No fue Ciclo del caballo, de Ramos Rosa, un libro fácil de digerir, a pesar del brillante ensayo que le dedicara Gonzalo Hidalgo Bayal. Mi deslumbramiento llegó –ya había llegado- con Eugénio de Andrade, un poeta solar, de la materia y del sur al que nunca he dejado de leer. Y de nuevo a Ángel le debo lo sustancial de ese acercamiento, que ha hecho posible que el autor de Todo el oro del día acabe pareciéndome un poeta de mi propia lengua. La alegría de Ángel cuando le concedieron el Premio Extremadura a la Creación fue inmensa y con él nos congratulamos sus agradecidos lectores.
Es cierto que Campos Pámpano no ha sido el único traductor del portugués (esa noble estirpe es numerosa); puede que ni siquiera el mejor, pero la afinidad personal y, más que nada, su forma de verter al español lo escrito originalmente en la lengua de Camõens, unido a mi particular manera de leer, han convertido los libros traducidos por él en referentes cardinales de mi educación poética. Lo que para uno no es poco.
A falta de otros reconocimientos merecidos, el acreditado premio “Eduardo Lourenço” llegó a tiempo de hacerle justicia.

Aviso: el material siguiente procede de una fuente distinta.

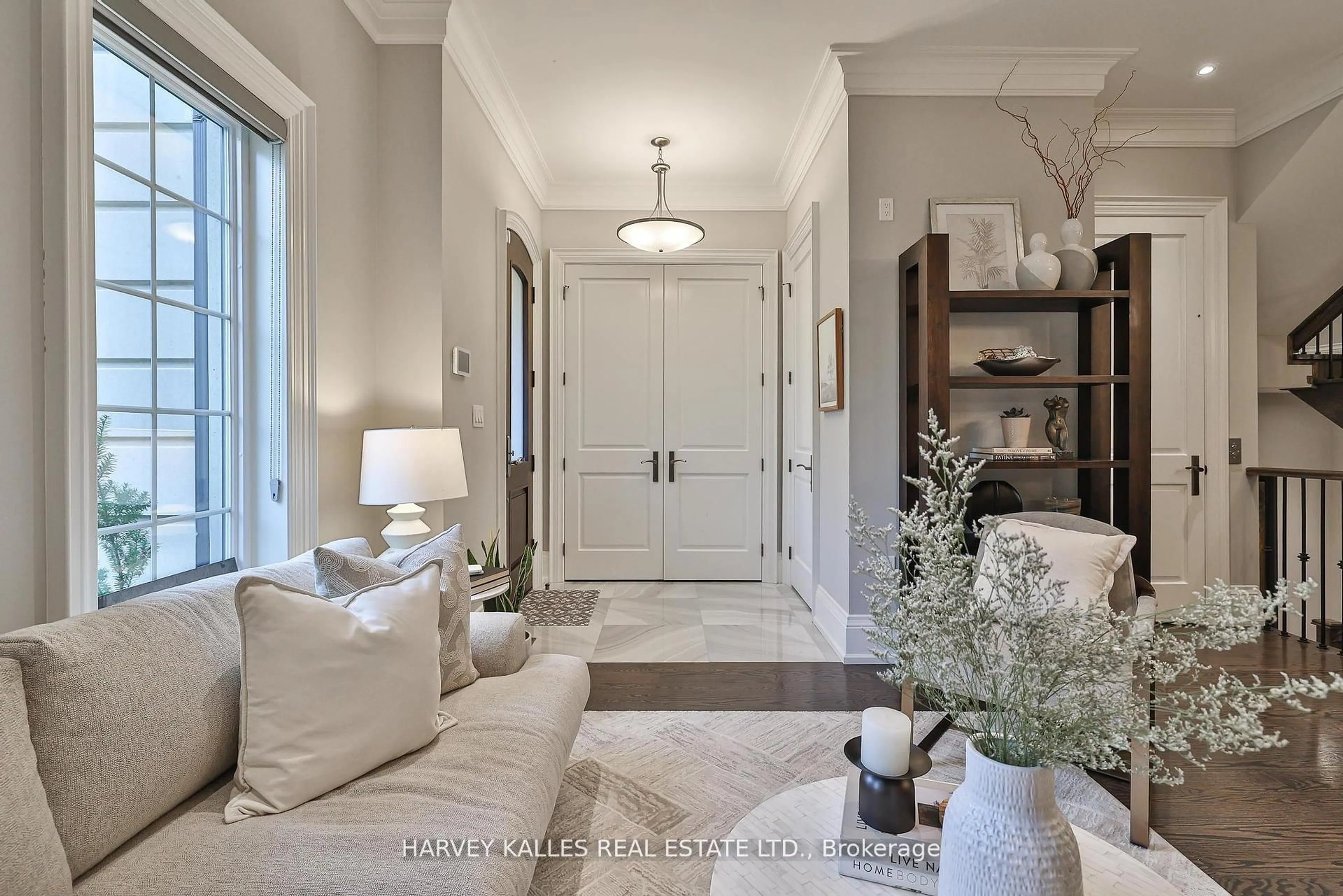 Indoor entryway for 2638A Bayview Ave, Toronto Ontario M2L 1B7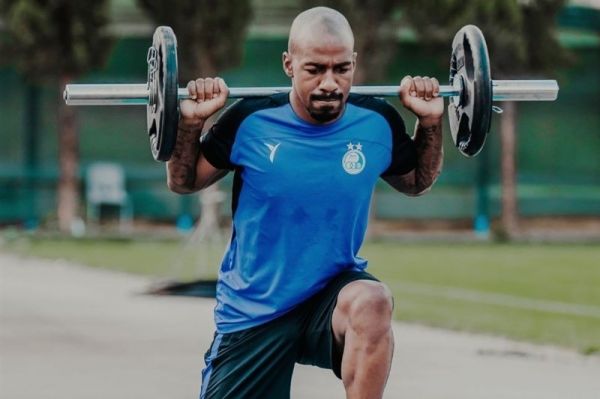 ادعای تسنیم مبلغ قرارداد کاکوتا با استقلال مشخص شد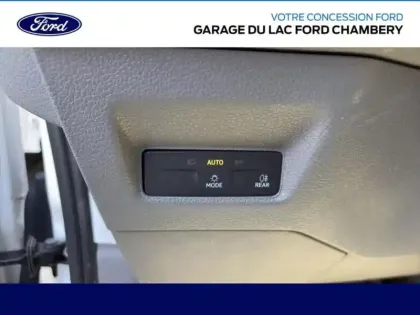 Photo 12 Volkswagen Crafter  Fg 35 L3H3 2.0 TDI 140ch Business Traction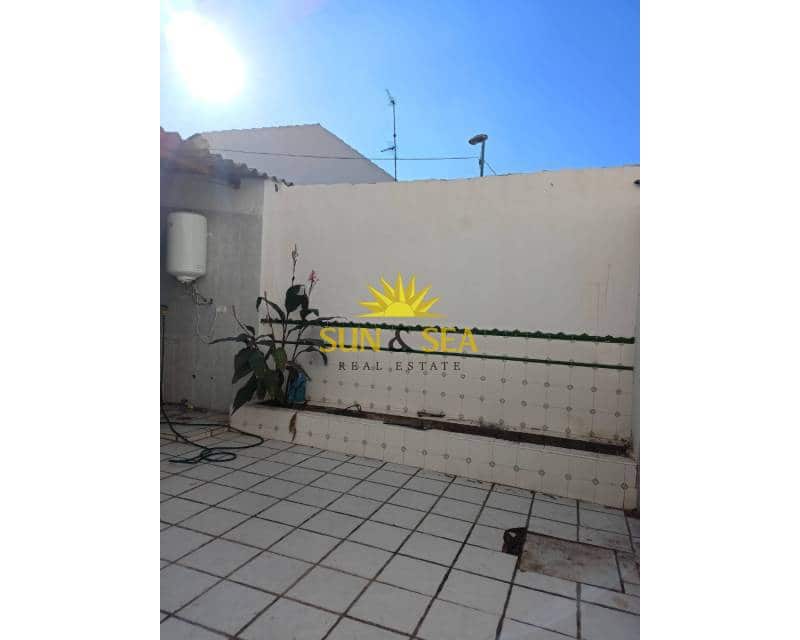 4 bedroom Townhouse for rent in La Nora - € 1,000 (Ref: 9028427)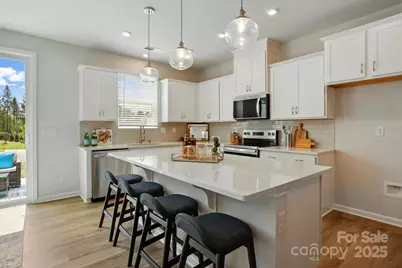 628 Cassidy Court, Clover, SC 29710 - Photo 4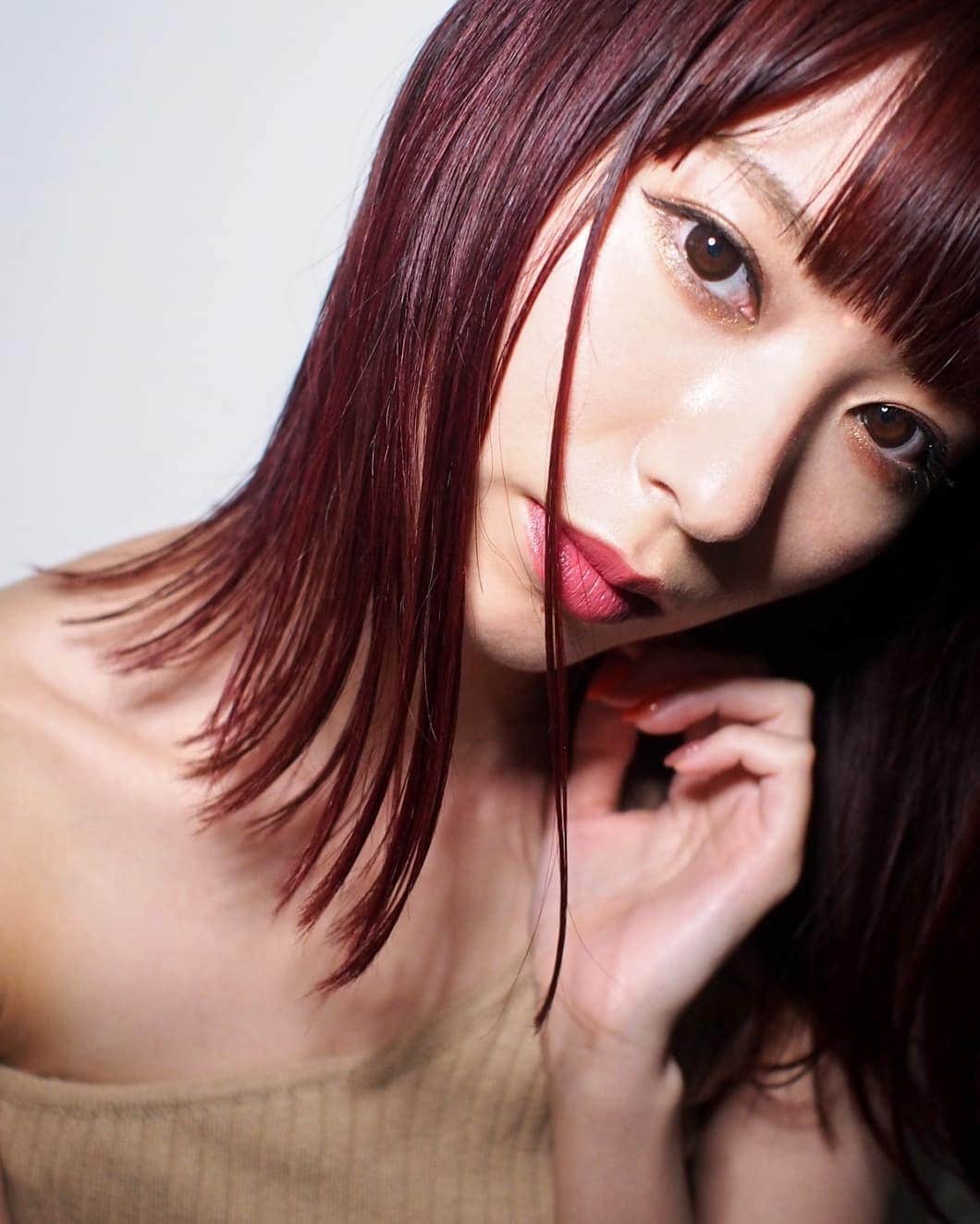 クマモトタツヤさんのインスタグラム写真 - (クマモトタツヤInstagram)「. #kumaxGIRLS #ほしなめいく . . Hair cut-color-styling / YUUICHIRO FUKUMOTO (switch) Make up / HOSHINA (switch) Guest / MAYUKA (switch guest 2nd year) Photo / T.KUMAMOTO (switch)  #kumaxMAYUKA #クマナリ #photobykumamoto」7月17日 21時42分 - tatsuya_kumamoto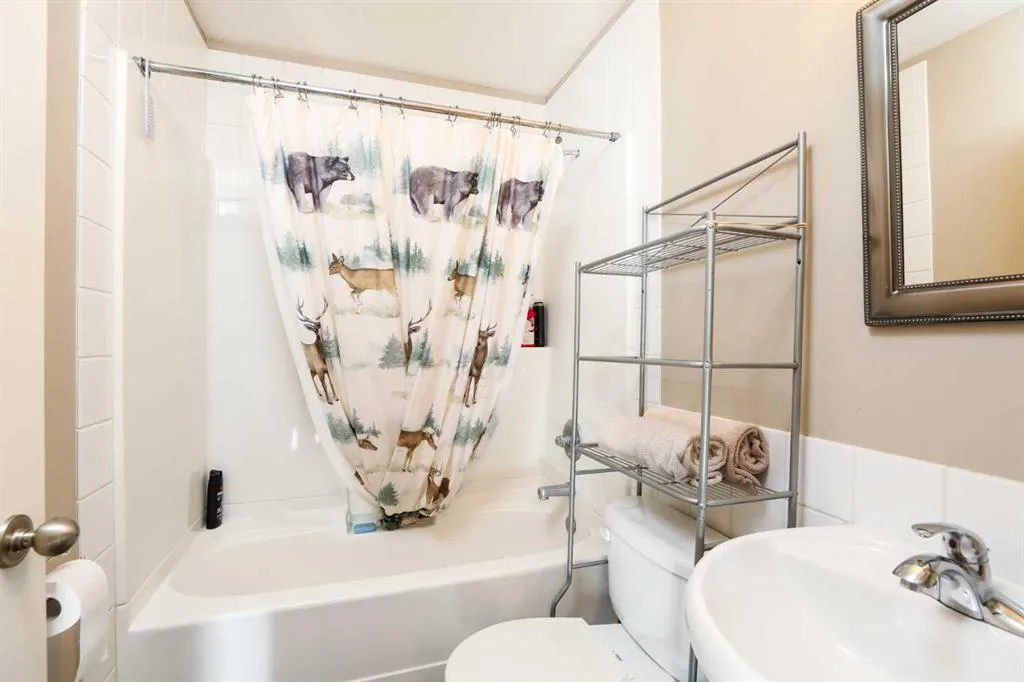 50 Heritage Circle W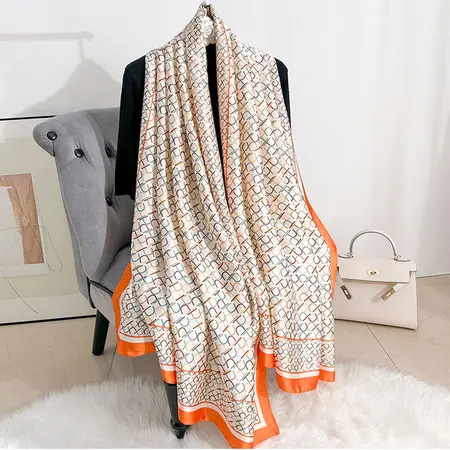 Silk Geometric Scarf Shawl – 90 × 180cm detail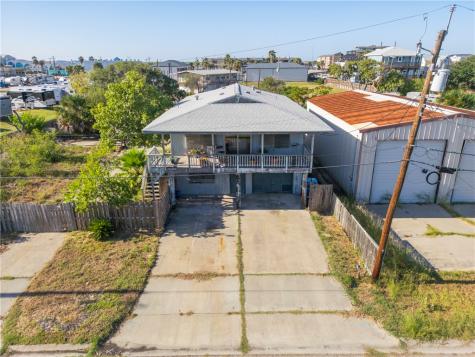 238 W Brundrett Avenue Port Aransas TX 78373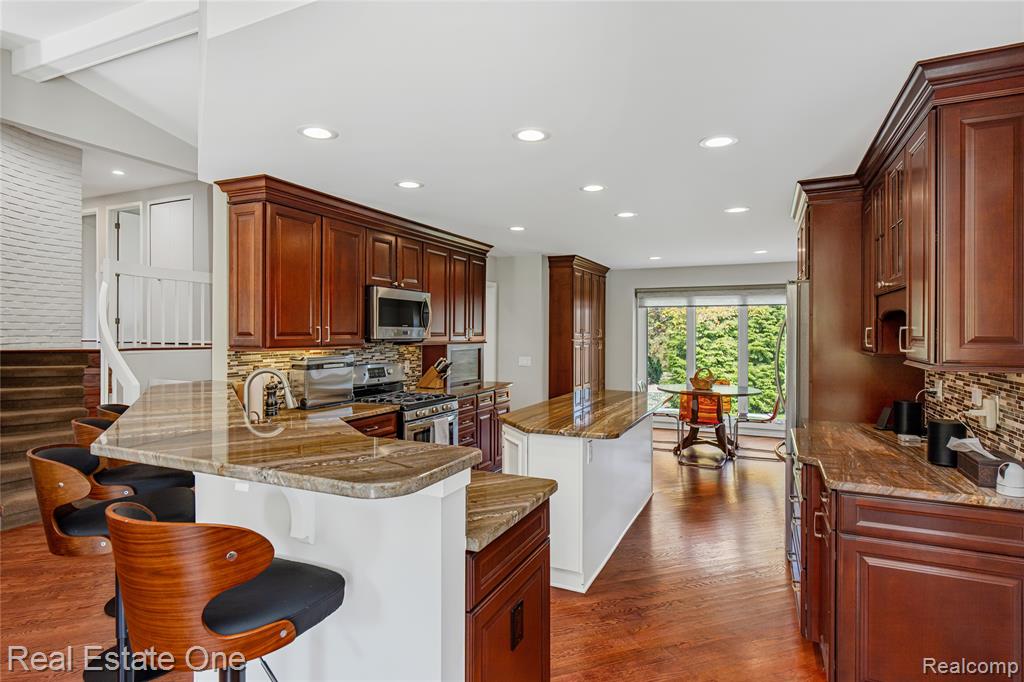 4261 Lakeridge Court, Bloomfield Hills, MI 48302 — Photo 18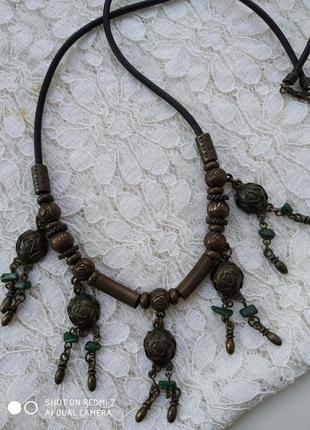 Колье или ожерелье в бронге с камушками из малахита на каучуковом шнуре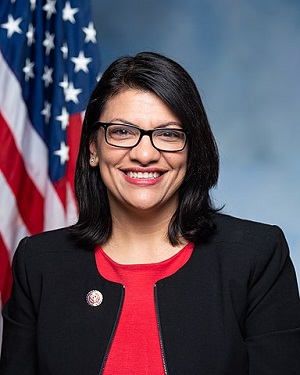 Kongresmenka Rashida Tlaib (D-MI) przemawia za ustaw „No Muslim Ban” podczas konferencji prasowej na Kapitolu Stanów Zjednoczonych w Waszyngtonie, 26 stycznia 2023 r. ródo: Wikipedia.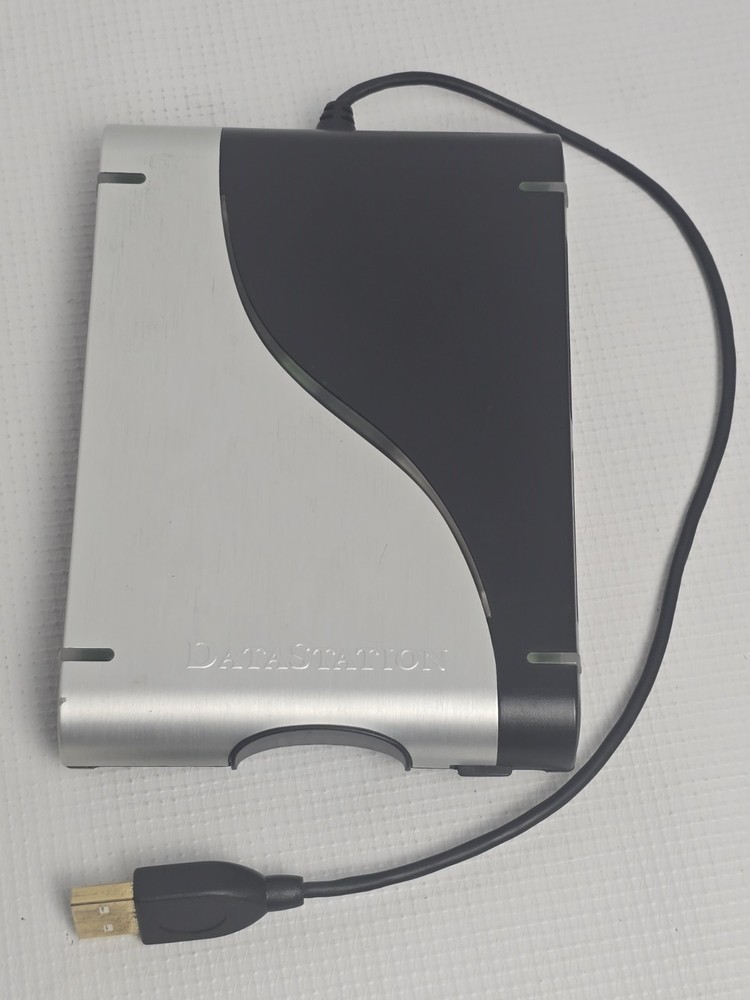 DataStation 7in1 USB 2.0Floppy Disc CF,MMC,SD,MS,Pro Reader I/O Magic PC Device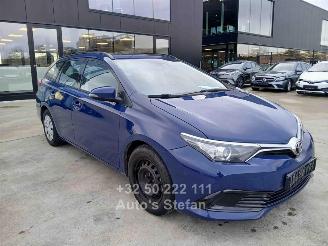 Vaurioauto  passenger cars Toyota Auris TOURING SPORTS ACTIVE 2017/7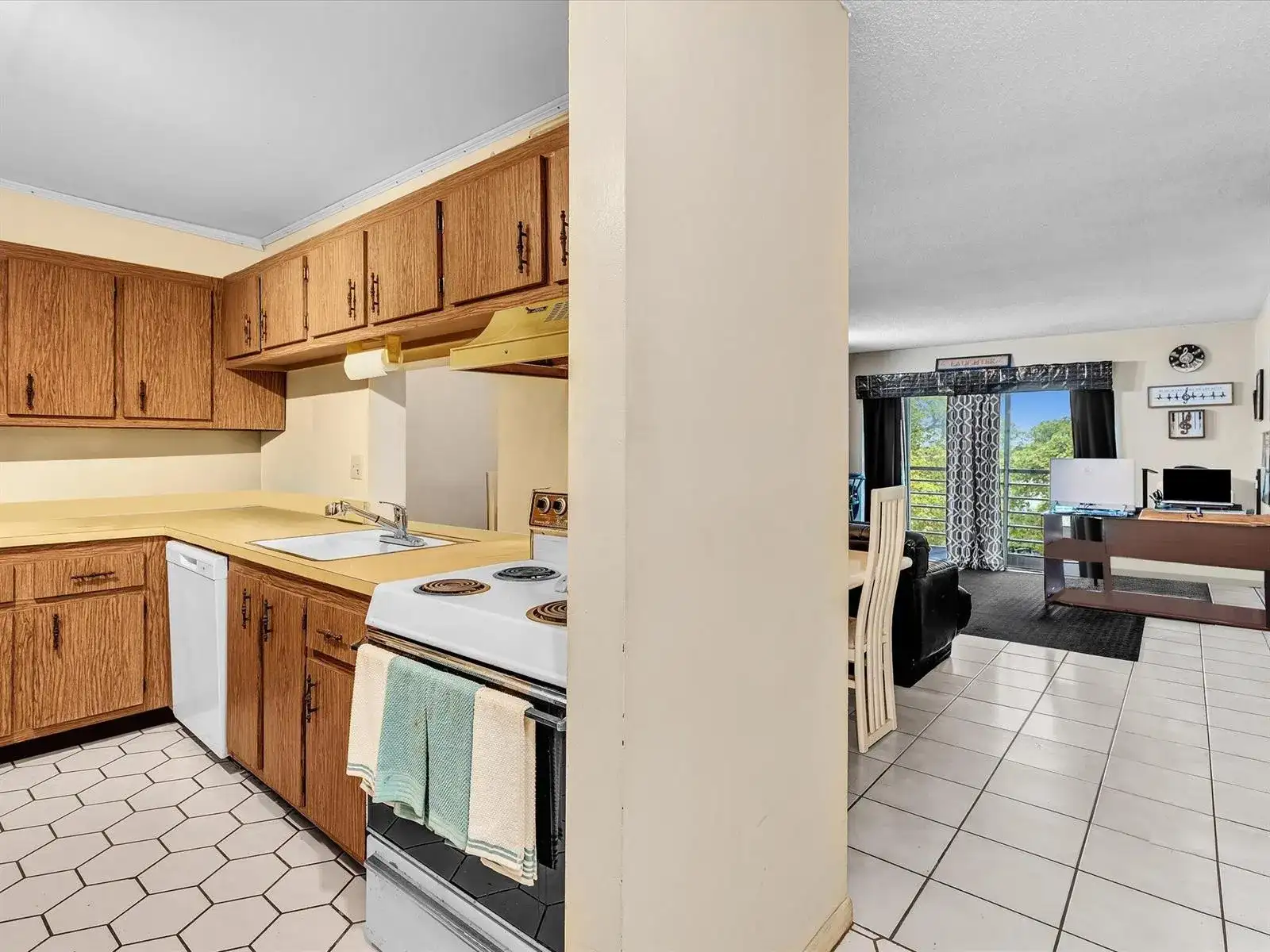 2800 NW 56th # A404, Lauderhill FL 33313 photo 5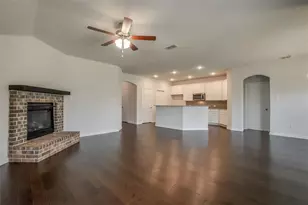 1829 Meadow Trail Ln, Aubrey, TX 76227 - Photo 5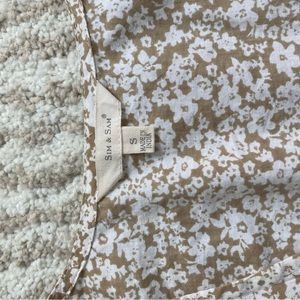 Sim and Sam Beige Floral Cropped Top with Ruching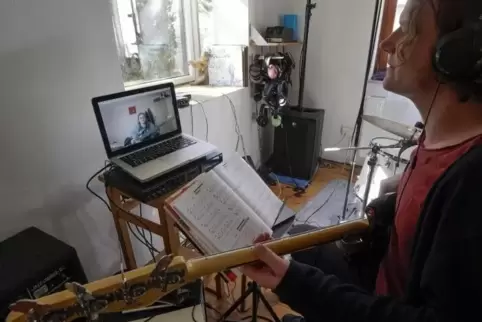  Unterricht via Skype: Christian Schatka zeigt Yade Yilmaz ein paar Griffe auf dem Bass.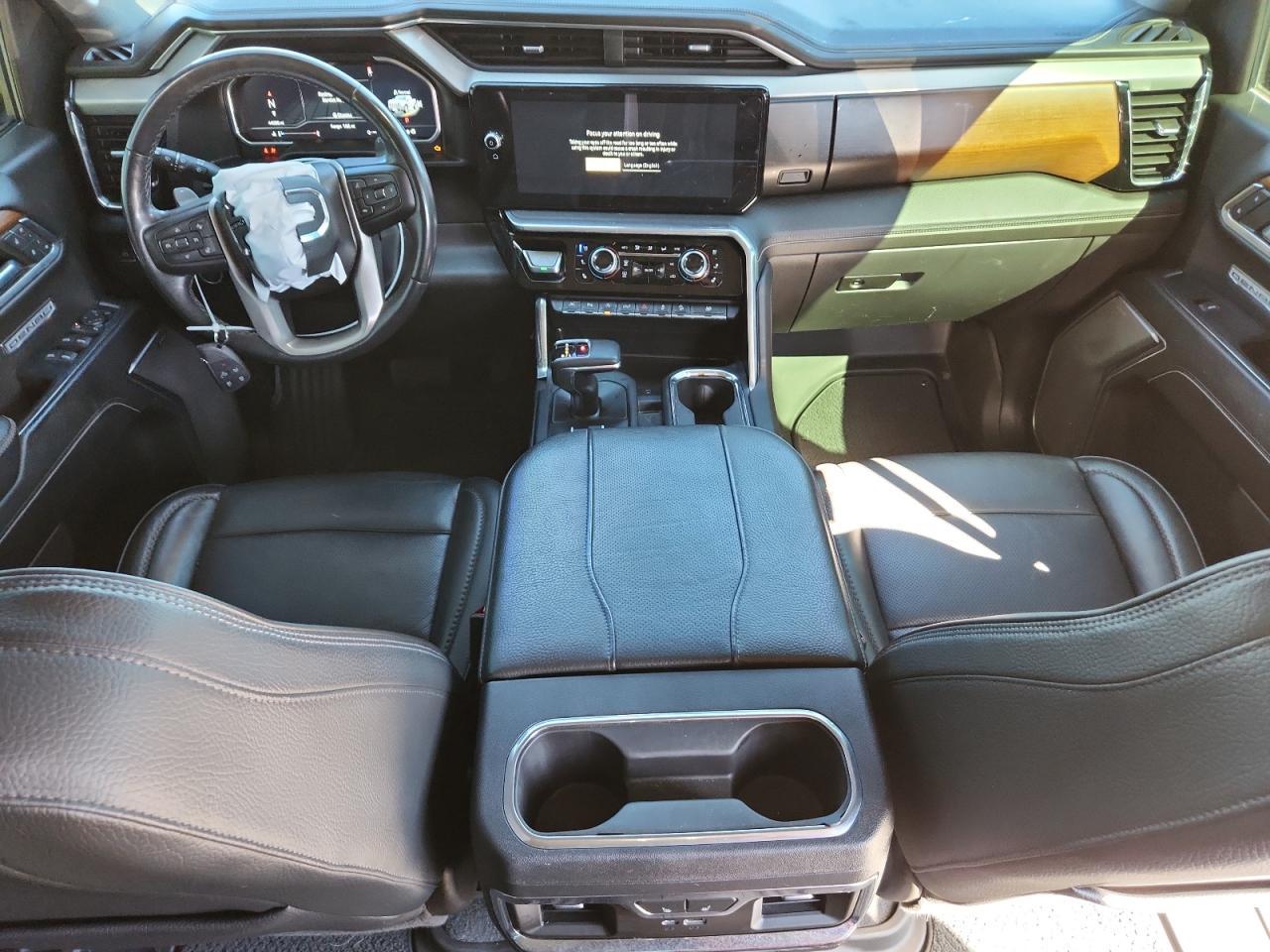 2023 GMC Sierra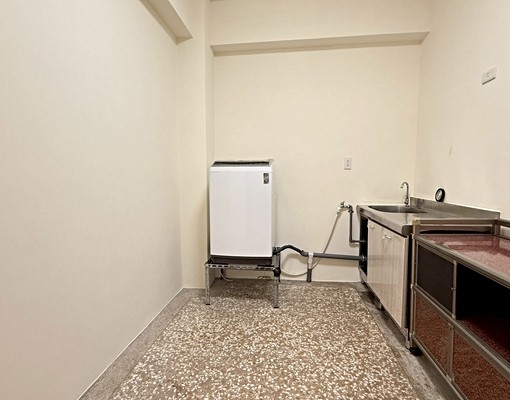 可租補勤美一中商圈四樓室內17坪一房一廳獨立空間~租屋最謹慎 - Image 5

Hay una anécdota que explica muy bien la relación literaria que mantuve con Ángel Campos Pámpano a lo largo de los años. En uno de los primeros inventos del genial Antonio Gómez, la colección Arco Iris, allá por 1986, Ángel publicó un cuadernillo titulado “Materia del olvido” y yo otro con el rótulo “Sombra de la memoria”. Sin haberlo previsto, habíamos tomado cada cual lo suyo de unos versos del poeta mexicano José Emilio Pacheco: "La poesía es la sombra de la memoria / pero será materia del olvido."